Start ma dwa zwycięstwa i cztery punkty w ligowej tabeli. To jest fakt. Malkontenci dziś narzekają, że styl i scenariusz obu spotkań – w Opolu i wczoraj w Gnieźnie był taki sam – dobry początek i nerwowy koniec. Uwaga kibiców dziś koncentruje się m.in na osobie Adriana Gały, dla którego wejście w nowy sezon nie jest wymarzone.

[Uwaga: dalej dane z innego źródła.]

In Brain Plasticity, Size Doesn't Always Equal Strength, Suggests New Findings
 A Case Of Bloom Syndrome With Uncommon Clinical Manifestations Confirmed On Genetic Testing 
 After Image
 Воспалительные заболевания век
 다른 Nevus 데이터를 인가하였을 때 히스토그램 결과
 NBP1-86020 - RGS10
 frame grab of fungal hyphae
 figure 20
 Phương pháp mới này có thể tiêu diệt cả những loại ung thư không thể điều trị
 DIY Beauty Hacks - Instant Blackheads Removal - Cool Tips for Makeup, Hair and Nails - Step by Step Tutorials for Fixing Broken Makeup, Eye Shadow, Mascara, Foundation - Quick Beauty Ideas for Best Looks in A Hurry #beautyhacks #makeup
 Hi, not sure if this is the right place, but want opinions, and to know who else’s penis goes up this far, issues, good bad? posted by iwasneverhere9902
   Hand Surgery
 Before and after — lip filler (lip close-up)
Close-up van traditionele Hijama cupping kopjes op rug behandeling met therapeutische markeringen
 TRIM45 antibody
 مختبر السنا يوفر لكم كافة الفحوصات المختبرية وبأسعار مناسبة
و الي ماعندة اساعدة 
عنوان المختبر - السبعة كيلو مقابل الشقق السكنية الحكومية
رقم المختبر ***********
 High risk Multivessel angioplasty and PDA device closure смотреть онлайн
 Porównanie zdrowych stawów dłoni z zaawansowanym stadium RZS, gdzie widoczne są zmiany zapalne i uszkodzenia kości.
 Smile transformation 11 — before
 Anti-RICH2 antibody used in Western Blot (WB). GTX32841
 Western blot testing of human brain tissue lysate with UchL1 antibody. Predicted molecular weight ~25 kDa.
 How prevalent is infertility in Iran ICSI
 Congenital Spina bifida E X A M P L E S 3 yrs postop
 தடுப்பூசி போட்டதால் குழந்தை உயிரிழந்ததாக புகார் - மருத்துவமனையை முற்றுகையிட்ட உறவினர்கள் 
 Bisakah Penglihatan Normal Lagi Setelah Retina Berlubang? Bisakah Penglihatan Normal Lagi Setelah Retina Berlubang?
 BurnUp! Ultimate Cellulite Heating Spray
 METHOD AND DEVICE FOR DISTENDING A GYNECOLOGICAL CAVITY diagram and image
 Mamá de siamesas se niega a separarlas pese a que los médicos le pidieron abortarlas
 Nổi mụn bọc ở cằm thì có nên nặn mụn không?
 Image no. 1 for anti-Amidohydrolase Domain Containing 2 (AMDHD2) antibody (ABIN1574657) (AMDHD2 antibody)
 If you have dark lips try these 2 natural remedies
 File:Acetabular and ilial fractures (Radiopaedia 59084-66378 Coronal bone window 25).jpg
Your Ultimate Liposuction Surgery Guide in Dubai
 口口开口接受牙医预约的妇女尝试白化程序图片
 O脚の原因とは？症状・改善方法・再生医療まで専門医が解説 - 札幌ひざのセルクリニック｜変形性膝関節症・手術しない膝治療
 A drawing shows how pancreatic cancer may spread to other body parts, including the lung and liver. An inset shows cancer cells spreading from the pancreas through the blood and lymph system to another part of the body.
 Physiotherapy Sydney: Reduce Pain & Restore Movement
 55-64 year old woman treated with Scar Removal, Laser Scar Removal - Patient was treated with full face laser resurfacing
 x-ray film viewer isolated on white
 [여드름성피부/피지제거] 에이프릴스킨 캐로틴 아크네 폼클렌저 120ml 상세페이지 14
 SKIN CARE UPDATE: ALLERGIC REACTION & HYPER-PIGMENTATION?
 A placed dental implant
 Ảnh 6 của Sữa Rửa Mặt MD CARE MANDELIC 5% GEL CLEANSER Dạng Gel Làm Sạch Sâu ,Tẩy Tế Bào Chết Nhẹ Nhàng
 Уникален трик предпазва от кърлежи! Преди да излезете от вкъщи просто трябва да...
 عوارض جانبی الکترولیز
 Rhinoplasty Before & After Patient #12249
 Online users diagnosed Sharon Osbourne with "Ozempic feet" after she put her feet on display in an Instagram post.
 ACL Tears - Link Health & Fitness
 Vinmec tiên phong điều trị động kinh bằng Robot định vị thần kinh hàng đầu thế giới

Gnieźnianin nie ma łatwego zadania, bo wie, że za jego plecami czeka Bastian Pedersen, który powoli też nie jest zadowolony że mecze rozpoczyna w połowie zawodów (wywiad z nim nieco później). Jednym słowem – jest to spory ból głowy dla sztabu Startu, który będzie musiał zdecydować, jakiego zawodnika chce „zbudować” na najważniejszą część sezonu. Co na to Adrian Gała? – Wiem, że przede mną dużo pracy – usłyszeliśmy wczoraj. – Potrzebuję teraz głównie spokoju, bo daję z siebie wszystko, walczę, nie jest najgorzej, ale nie tak jakbym chciał. Potrzebuję odjechania dobrych zawodów, bo sytuacja taka jak miała miejsce w Opolu, że szybko jestem zmieniany, nie pomaga mi. Wiem, że każdy musi obronić się wynikami i mam taką świadomość, ale na pewno to nie jest komfortowa sytuacja w której jestem. Nie zamierzam mimo to zaprzątać sobie głowy takim myśleniem, chcę pracować najlepiej jak się da i jako wychowanek tego klubu zależy mi na wyniku drużyny. Zapewniam, że będę się starał i zrobię co mogę aby dać zespołowi wynik – zakończył żużlowiec.